In a civil case, the party seeking relief -which in the typical civil case is monetary relief, compensation or money damages- bears the burden of proving their case to a judge or a jury. In other words, it is the responsibility and obligation of the plaintiff to show that all of the elements of their claim have been shown, and they are entitled to relief in the form of compensation for their injuries.
It is sometimes said that the plaintiff in a personal injury case has the obligation to not only produce evidence that they were injured by the fault of another and that they suffered damage as a result, but that the plaintiff also has the burden of persuading the judge or the jury they were in fact injured at the hands of another through no fault of their own and that they suffered cognizable, objectively verifiable, injury as a result of the actions of another.

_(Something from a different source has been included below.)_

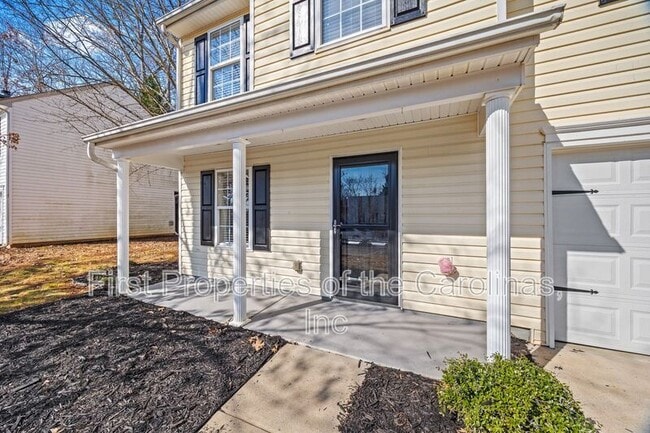 Building Photo - 1411 Swaying Branch Ln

This latter concept is sometimes referred to as the burden of persuasion. The test is whether the case strong enough to persuade the jury or judge that an accident and resulting injury the way the plaintiff said it did. The standard, the measure, or the yardstick for how convincing that proof must be is “ponderance of the evidence standard”.
What is called for here is for the judge or jury to determine that it is more likely, or more probable, than unlikely or improbable that the plaintiff’s version of events is the correct one. It’s sometimes expressed as a numerical percentage of 51% more likely so than not. If met, it is sufficient to carry the day in court. Other types of cases have much higher standards when it comes to the burden of proof. In a criminal case, a jury must be persuaded beyond any reasonable doubt that a defendant is guilty. Generally, in order for a court to award punitive damages, there must be clear and convincing evidence that the plaintiff is entitled. The burden in the typical civil case, however, is substantially lower. It is simply “more likely, as opposed to less likely” and “more likely” by a very small amount i.e. 2%. As Attorney Eric T. Kirk will tell you.
The law would require that, if it is 49% likely that the defendant is correct in their legal position and 51% likely that a plaintiff is correct in their legal position, although the relative likelihoods are very, very close, separated by only a fraction, that break down means that the plaintiff has carried the day, and wins their case. Despite this relatively low burden of proof in the typical civil case, it shocks some people to learn that thousands of Maryland automobile accident claims are denied by courts in this state every year, with a ruling that the plaintiff has “failed to carry the burden of proof.”